Home > Cases > Anixter Ltd. v. Secretary of State for Transport [2019] 1 P.&C.R. 16

In this case, the Deputy President of the Upper Tribunal Lands Chamber (Martin Rodger QC) considered the provisions of the Compulsory Purchase Act 1965 Schedule 2A and the Compulsory Purchase (Vesting Declarations) Act 1981 Schedule A1 concerning the 28 day timescale for service of a counter-notice to, respectively, a Notice to Treat or a General Vesting Declaration served pursuant to a Compulsory Purchase Order, by which counter-notice the landowner seeks to compel the acquiring authority to acquire the entirety of their land interest and not just that part to which the NTT / GVD relates.

The present case concerned the Saltley Business Park at Washwood Heath in Brimingham, where the Claimant occupied four buildings in connection with its business as a distributor of communications and security products. HS2 Limited, acting on behalf of the Secretary of State for Transport, sought to acquire the land on which one of those buildings was situated in connection with the construction of the London-Birmingham phase of HS2, relying on CPO powers conferred by the enabling legislation for that phase. The Claimant sought to require HS2 Limited/SST to acquire the entirety of its interest in the Business Park. After lengthy negotiations HS2 Ltd sent both an NTT and a GVD on the Claimant by registered post on 10 December 2017 (the use of both procedures was for the avoidance of doubt as to which one applied). They were signed for as received at the Claimant’s offices on 12 December 2017. However, the relevant individual at the Claimant’s offices (Mr Brookes) was away on business, and the envelopes containing these notices were therefore not opened until his return on 20 December 2017. The Claimant filed the counter-notices in mid-January 2018, over 28 days from when the NTT and GVD were received at the Claimant’s offices but under 28 days from when they were opened and thus from when the Claimant through Mr Brookes first had knowledge of the notices. HS2 / SST contended that in these circumstances the counter-notices were out of time and that the Tribunal had no jurisdiction to consider them.

The Deputy President held that:

  1. In relation to a counter-notice to a GVD, the proper interpretation of the relevant provisions of Schedule A1 of the 1981 Act is that the 28 day time limit starts on the day when the recipient of the GVD had actual knowledge of the GVD. On the facts of the case the counter-notice to the GVD had therefore been in time.
  2. In relation to a counter-notice to a NTT, the proper interpretation of the relevant provisions of Schedule 2A of the 1965 Act is that the 28 day time limit starts on the day when the NTT was served on the landowner.

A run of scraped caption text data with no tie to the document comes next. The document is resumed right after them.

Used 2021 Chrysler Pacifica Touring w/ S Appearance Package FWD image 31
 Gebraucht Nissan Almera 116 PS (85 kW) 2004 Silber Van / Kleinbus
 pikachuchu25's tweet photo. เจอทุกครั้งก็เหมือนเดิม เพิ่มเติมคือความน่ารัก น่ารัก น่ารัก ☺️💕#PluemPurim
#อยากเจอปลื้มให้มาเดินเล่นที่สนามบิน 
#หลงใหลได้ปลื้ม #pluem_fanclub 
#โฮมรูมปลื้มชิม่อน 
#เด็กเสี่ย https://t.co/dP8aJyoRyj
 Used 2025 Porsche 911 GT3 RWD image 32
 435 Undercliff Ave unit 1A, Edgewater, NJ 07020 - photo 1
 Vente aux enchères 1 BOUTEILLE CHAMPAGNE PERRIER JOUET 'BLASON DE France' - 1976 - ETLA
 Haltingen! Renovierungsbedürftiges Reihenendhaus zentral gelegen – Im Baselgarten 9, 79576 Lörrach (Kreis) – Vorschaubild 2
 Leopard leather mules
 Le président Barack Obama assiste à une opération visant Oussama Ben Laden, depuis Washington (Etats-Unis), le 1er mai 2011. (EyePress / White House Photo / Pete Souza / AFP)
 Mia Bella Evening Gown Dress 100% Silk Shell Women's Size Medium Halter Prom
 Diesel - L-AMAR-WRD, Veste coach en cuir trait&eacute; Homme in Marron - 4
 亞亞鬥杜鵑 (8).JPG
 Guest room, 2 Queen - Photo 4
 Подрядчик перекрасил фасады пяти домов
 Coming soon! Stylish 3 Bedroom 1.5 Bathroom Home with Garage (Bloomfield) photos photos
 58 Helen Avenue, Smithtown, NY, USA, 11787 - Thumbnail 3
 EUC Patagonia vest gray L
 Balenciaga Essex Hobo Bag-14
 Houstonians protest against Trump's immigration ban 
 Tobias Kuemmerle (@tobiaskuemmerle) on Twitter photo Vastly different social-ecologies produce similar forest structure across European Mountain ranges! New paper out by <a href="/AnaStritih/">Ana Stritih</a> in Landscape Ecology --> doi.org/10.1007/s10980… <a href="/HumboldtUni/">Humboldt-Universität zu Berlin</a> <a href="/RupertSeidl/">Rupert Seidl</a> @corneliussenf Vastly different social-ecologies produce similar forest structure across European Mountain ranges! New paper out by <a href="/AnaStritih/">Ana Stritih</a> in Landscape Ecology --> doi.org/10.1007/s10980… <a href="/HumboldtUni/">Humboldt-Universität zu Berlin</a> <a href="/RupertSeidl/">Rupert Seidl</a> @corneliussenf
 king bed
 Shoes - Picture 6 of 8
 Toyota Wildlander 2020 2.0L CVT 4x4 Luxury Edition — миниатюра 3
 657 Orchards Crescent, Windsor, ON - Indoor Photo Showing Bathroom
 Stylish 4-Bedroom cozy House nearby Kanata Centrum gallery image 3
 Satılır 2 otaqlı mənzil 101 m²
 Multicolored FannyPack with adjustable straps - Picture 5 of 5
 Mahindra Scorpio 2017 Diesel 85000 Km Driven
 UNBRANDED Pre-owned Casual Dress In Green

On the facts of this case, the counter-notice to the NTT was out of time.
  3. The relevant regime in the present case was that NTT regime and not the GVD regime as the Claimant’s interest was a “long tenancy about to expire” within the meaning of s.2(2) of the 1981 Act. This was because assumption made by s.2(2) that any claimant’s “option to renew” to a lease would be exercised did not include the rights conferred on business tenants by the Landlord and Tenant Act 1954.
  4. Read in context, the proper interpretation of the 28-day time limit in Schedule 2A of the 1965 Act was that an out of time counter-notice was invalid and that the Tribunal had no jurisdiction at all to consider it, regardless of the circumstances.

Charles Banner appeared for the Claimant, instructed by Bryan Cave Leighton Paisner LLP.